NdT : « Ayant une opération propre - sans avoir besoin de communiquer avec une matière pour pouvoir l'exercer, commente Alain de Libera - l'âme intellective (...) ne tient pas son
être d'un mélange avec la matière. On ne peut donc dire qu'elle vient de la matière par éduction, mais bien seulement (...) qu'elle a "un principe [ou une cause]
extrinsèque". On peut aussi dire qu'elle est "par son [propre] être" (per suum esse). (...) Dire que l'intellect "dépasse [transcende]

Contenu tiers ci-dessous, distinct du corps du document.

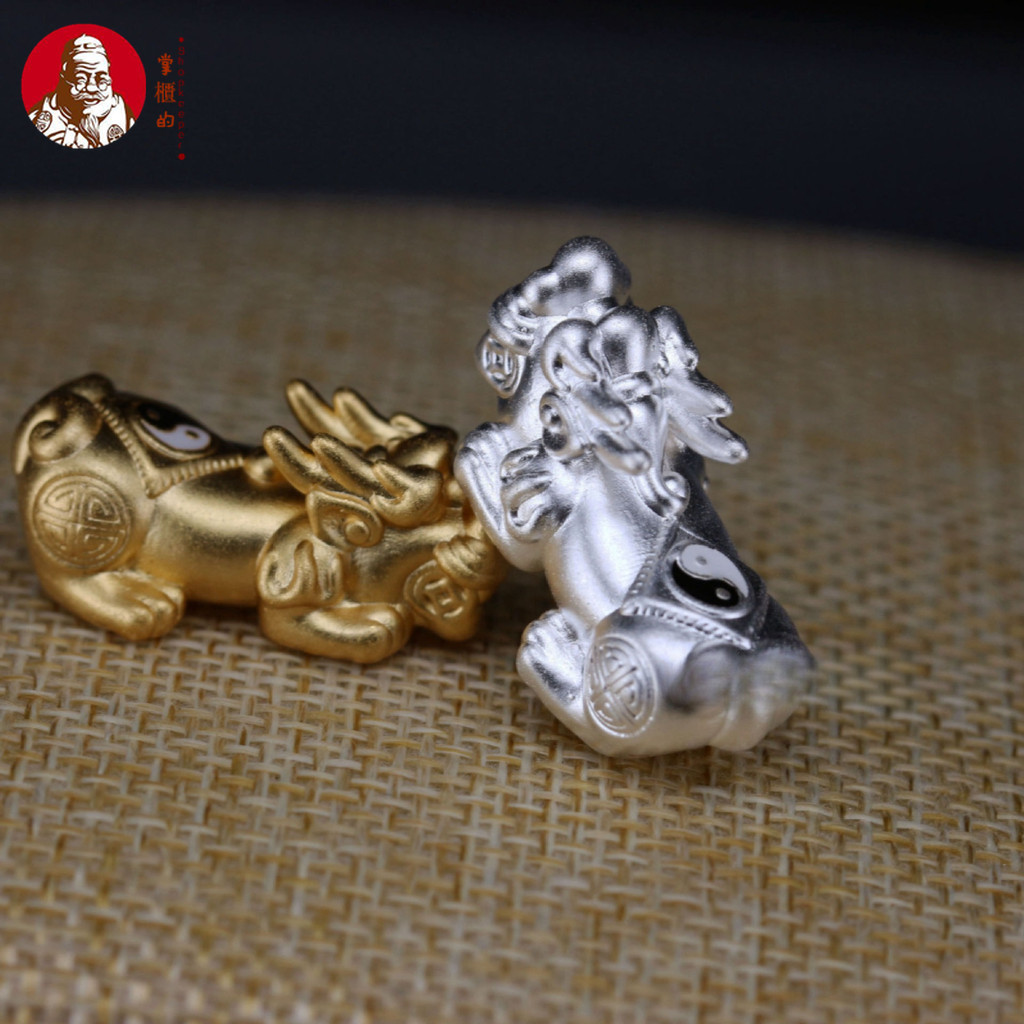 S999 เงินสเตอร์ลิง Pixiu Tai Chi Pixiu DIY สร้อยข้อมือสร้อยคอลูกปัด 999 เงินแท้อุปกรณ์เสริมขายส่ง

entièrement la matière corporelle" ne signifie pas que "l'âme où se trouve l'intellect, dépasse la matière corporelle au point de n'avoir pas d'être dans le corps" ("sic excedat materiam
corporalem quod non habeat esse in corpore"), mais seulement que "l'intellect, qu'Aristote Appelle 'puissance de l'âme', n'est pas l'acte d'un corps". En effet l'âme n'est pas l'acte du corps
"par l'intermédiaire de ses puissances" : elle est "par elle-même l'acte du corps, qui donne au corps son être spécifique" » (A. de Libera, L'unité de l'intellect, de Thomas
d'Aquin, Vrin, 2004, p. 334).
On se reportera aussi aux développements de saint Thomas dans sa Somme contre les Gentils, II, chap. 68 et 69. Ainsi que dans la Somme de théologie, principalement ici : 1, q.
75 a. 2.
(2) On n'insistera jamais assez sur le caractère “positif” de cette conclusion au regard de celles d'autres philosophies ambiantes. Cette philosophie-là est résolument ouverte sur la vie, sur son
dynamisme, sur son sens. “Vivre pour le vivant, c'est son être (esse)”. Cette affirmation d'Aristote n'est pas seulement descriptive. Elle marque, spécialement adaptée à l'homme, que sa raison
d'être est de vivre, et de vivre toujours.